BRIEF
Look below for the line containing "Slide: The Image", then write out that line and every line after it to the end, exactly, minus the pictures.
--- SUPPLIED DATA Enclosed Below ---
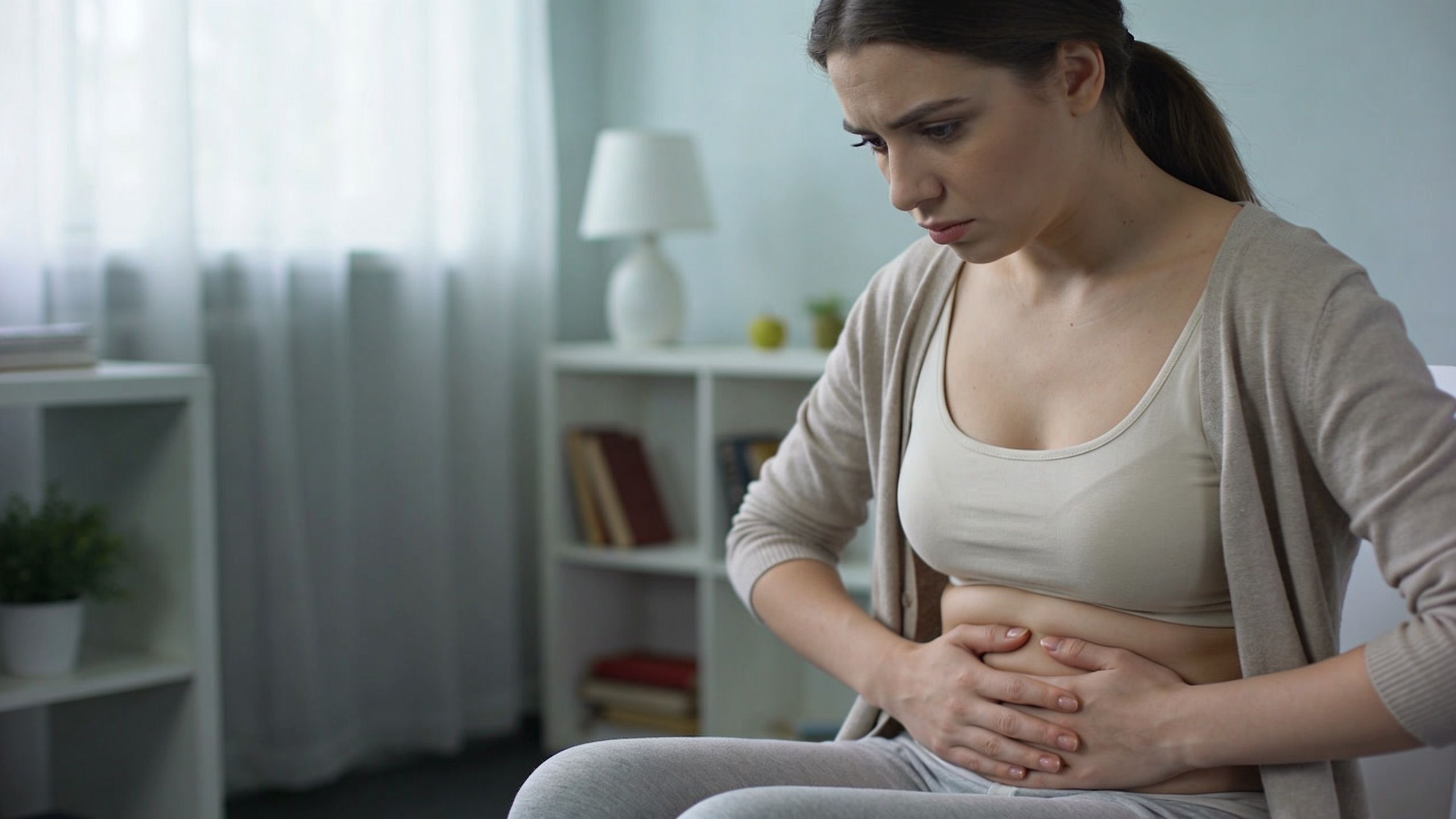 A young woman feeling discomfort while holding her stomach, representing common digestive health issues.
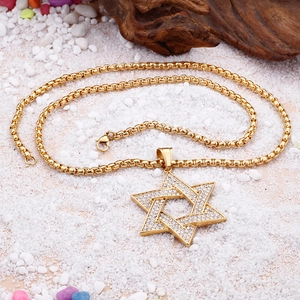 Close-up of gold hip hop hexagram star pendant necklace with sparkling rhinestones
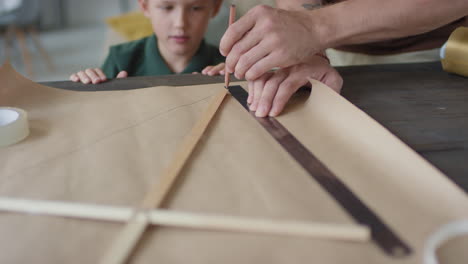 father and son making a kite together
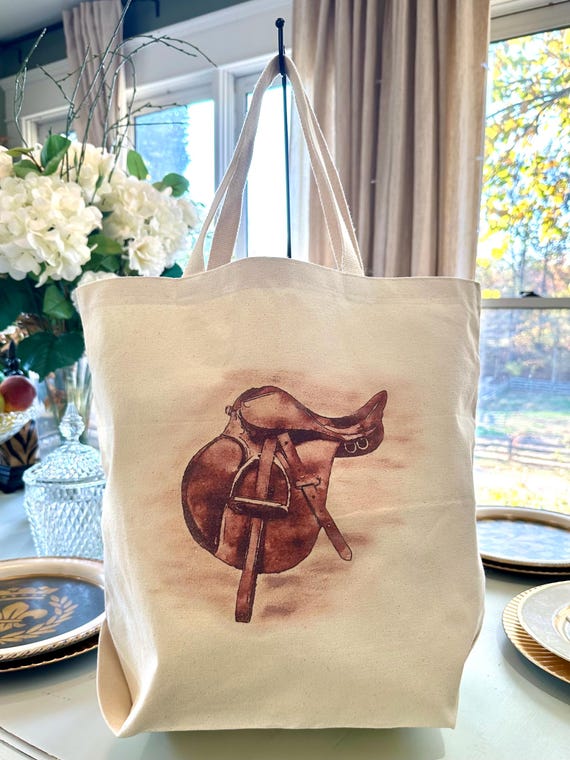 Experience the ultimate blend of style and practicality with our Three Pocket Canvas Tote Bag. Its streamlined design, featuring a Saddle.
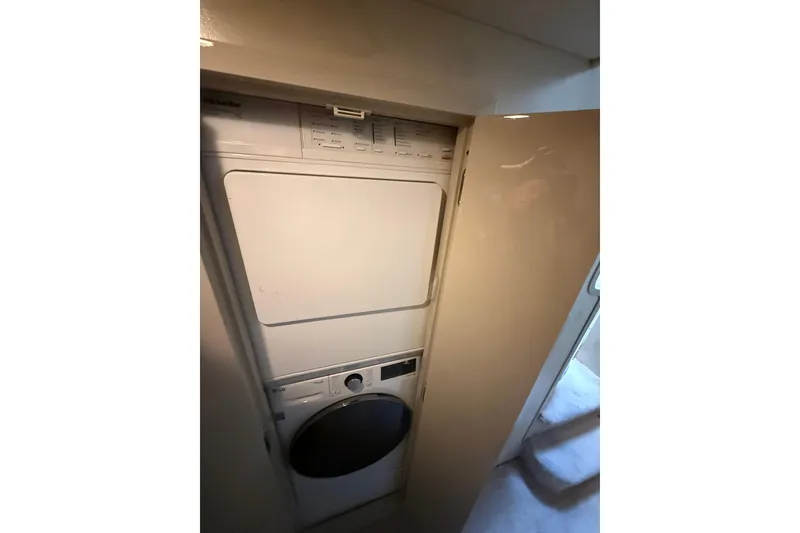 Slide: The Image of Laundry area with stacked washer and dryer on 1988 Maiora Motor Yacht. - 21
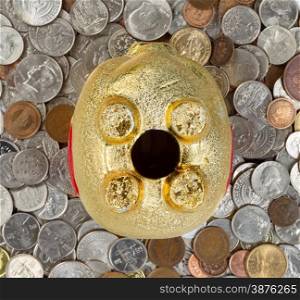 Close up of upside down piggy bank, focus on complete belly, with loose coins underneath. Concept of financial hard times. &#xA;&#xA;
--- End of Enclosed SUPPLIED DATA ---
ANSWER BELOW
 Slide: The Image of Laundry area with stacked washer and dryer on 1988 Maiora Motor Yacht. - 21
 Close up of upside down piggy bank, focus on complete belly, with loose coins underneath. Concept of financial hard times. &#xA;&#xA;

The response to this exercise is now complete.